En señal de respeto, Miguel Cárdenas sopla tabaco sobre una de sus matas de yagé.
LOS TAITAS DEL PUTUMAYO
Fue un largo camino (interior y exterior) el que le condujo a establecerse en la selva y aprender de sus plantas mágicas. Me gusta Miguel en su papel de narrador, voz grave y reposada: carece de la ansiedad de los que temen aburrir o de los que necesitan ser escuchados. En su juventud descubrió la marihuana y los hongos. Las plantas sagradas, la naturaleza y la relación que con ellas establecían las culturas indígenas fueron siempre motivaciones en los viajes que emprendió por la geografía colombiana. Sentía especial curiosidad por el yagé de los grandes taitas, maestros, del río Putumayo; intuía que allí le podrían curar los ataques de epilepsia que le aquejaban regularmente. 
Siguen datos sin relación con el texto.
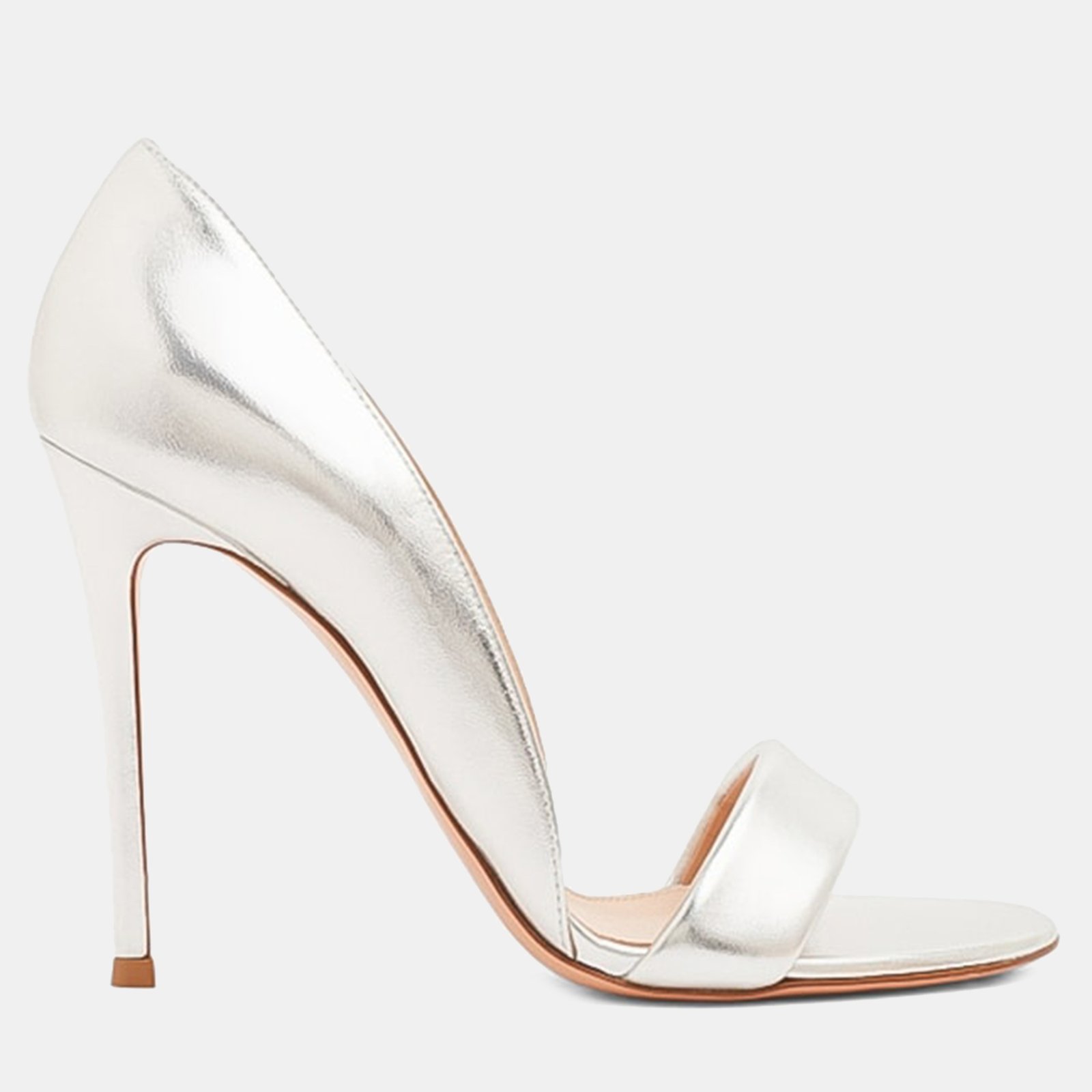 Gianvito Rossi Metallic Leather Baiser Sandals EU 36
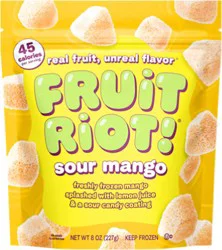 Fruit Riot Frozen Candy Sour Mango - 8 Oz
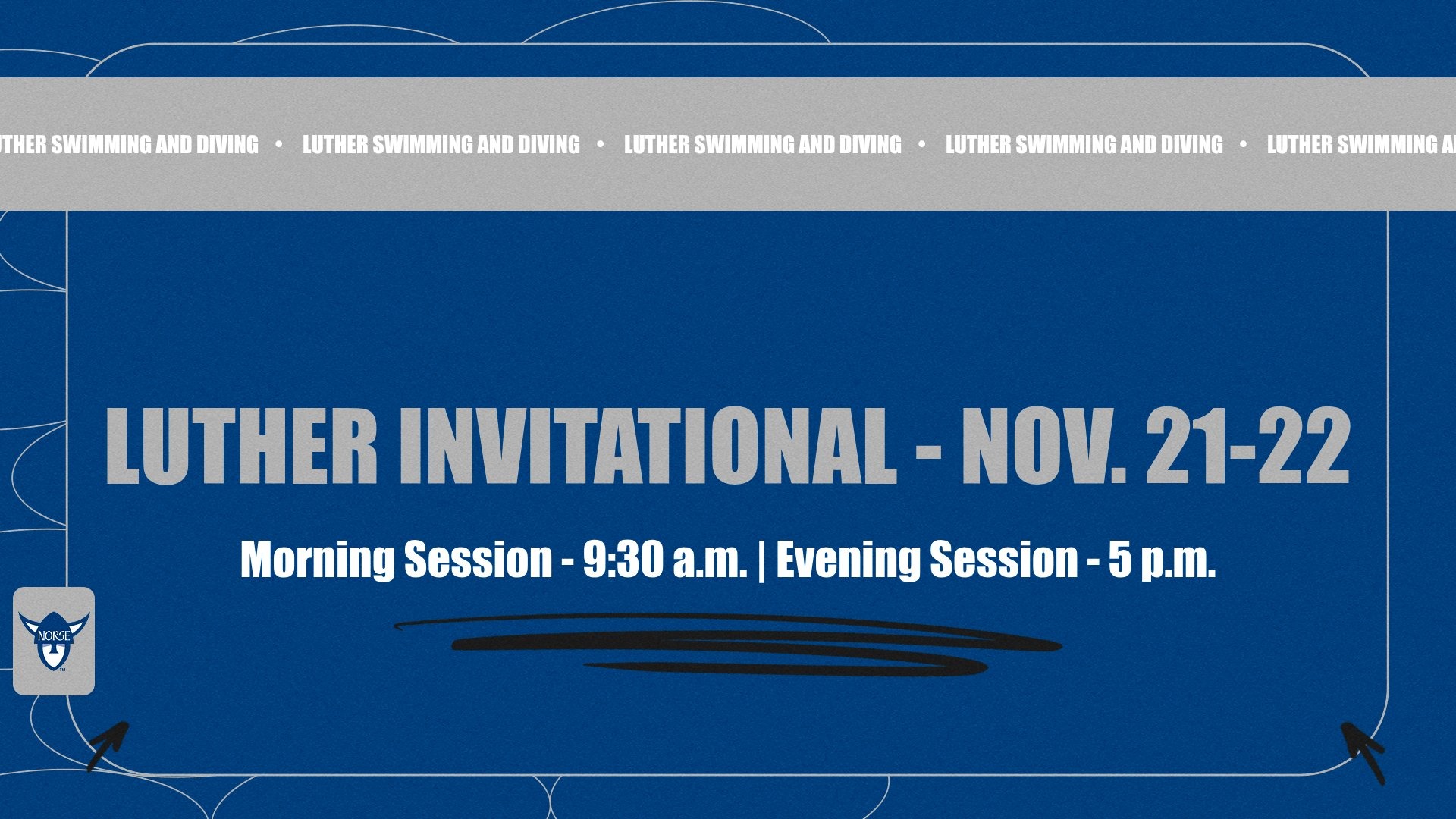 Luther Swimming and Diving - Luther Invitational Time Change Feature Graphic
A finales de 1990 el Putumayo era un hervidero de narcotraficantes, sicarios, militares y guerrilleros, pero junto a su compañera Valeria, llegó al pueblo del Taita Pacho, un yagecero de la etnia siona de notable reputación. El Taita Pacho les recibió cariñosamente. “Le conté que sufría de epilepsia, que me daban ataques, uno cada mes. Él me dijo: Ah, bueno, tranquilo, aquí vamos a ver estas noches”. Y tras tomar tres veces: “¿Sabe usted Miguel? Usted no tiene nada”. Miguel replicó: “Sí abuelo. Tengo unos ataques muy feos; una vez me caí por un segundo piso por unas escaleras y me rompí la cabeza”. El viejo le quitó importancia: “No Miguel; tomando sólo el vegetal, usted se cura”. Así fue: no volvió a sufrir ningún ataque de epilepsia, hasta la fecha. 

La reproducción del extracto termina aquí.